The unending vastness of imagination
When you really sit back and think about the changes being wrought in the art world by digital technology it starts to feel very science fiction. Being able to do things never before possible, mixing media in realistic ways using pixels instead of paint, ink, silver halide, pencil, pastel, rock, mud, paper, crayon, water, or anything else you can think of. It's fascinating, amazing, frustrating, and frightening all at the same time.
For the folks that like to get their hands dirty, who truly create with their body and mind working together, the artificiality of bits and bytes and the lack of manual skill and dexterity required to write code or push a button or slide a mouse or pen across a tablet, the complete separation from the medium of art, to not make something from start to finish with your own hands by your own skill, is blasphemy.
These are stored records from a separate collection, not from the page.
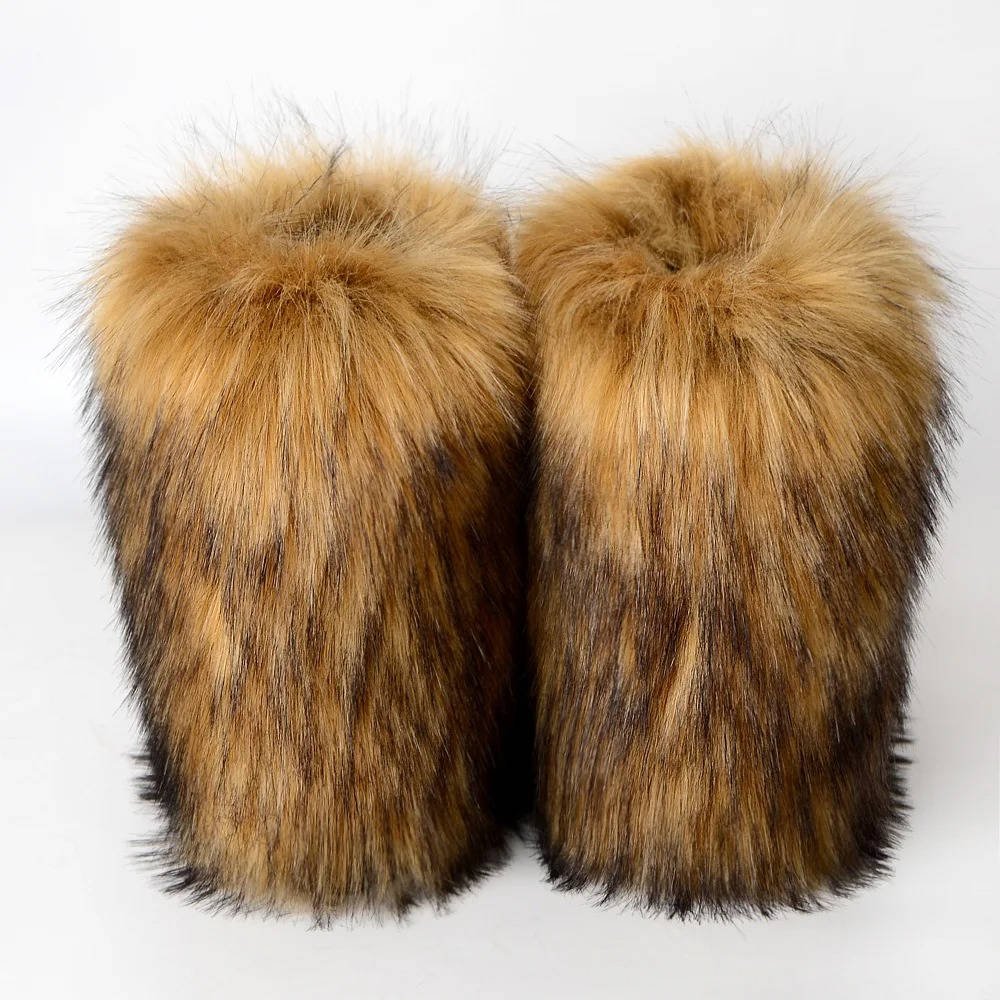 Women's Faux Fur Mid-Calf Boots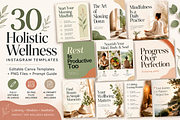 Holistic Wellness IG Canva Template, a Social Media Template by Daffodil Dream Studio (Thumbnail 1 of 3)
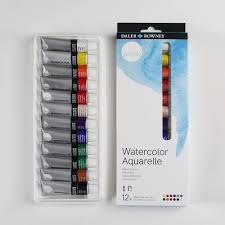 Tinta de Aquarela 12ml 12 Cores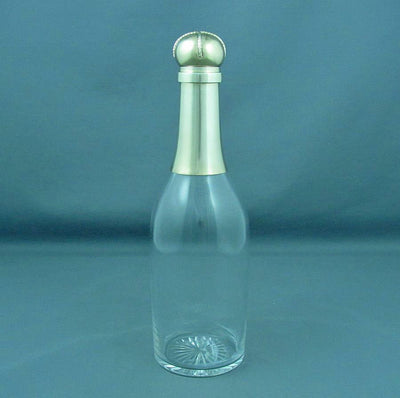 Victorian Silver Champagne Bottle Decanter - JH Tee Antiques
For the folks who have never shot a roll of film in their life (there are more than you know), who were brought up with computers, who live in the digital age, there is no question, only wonder and experimentation, testing what the new technology can do, pushing it to its limits, driving new artforms, creating new paradigms. There is no looking back.
For those of us in the middle, mired in the crevass between worlds, taunted by technology, lured by its song, but firmly rooted in manual labor, it's a tortuous path. We can see both sides. We are not so entrenched in our ways that we cannot learn, but rebel, rage even, against the machine because we remember what it's like to get our hands dirty.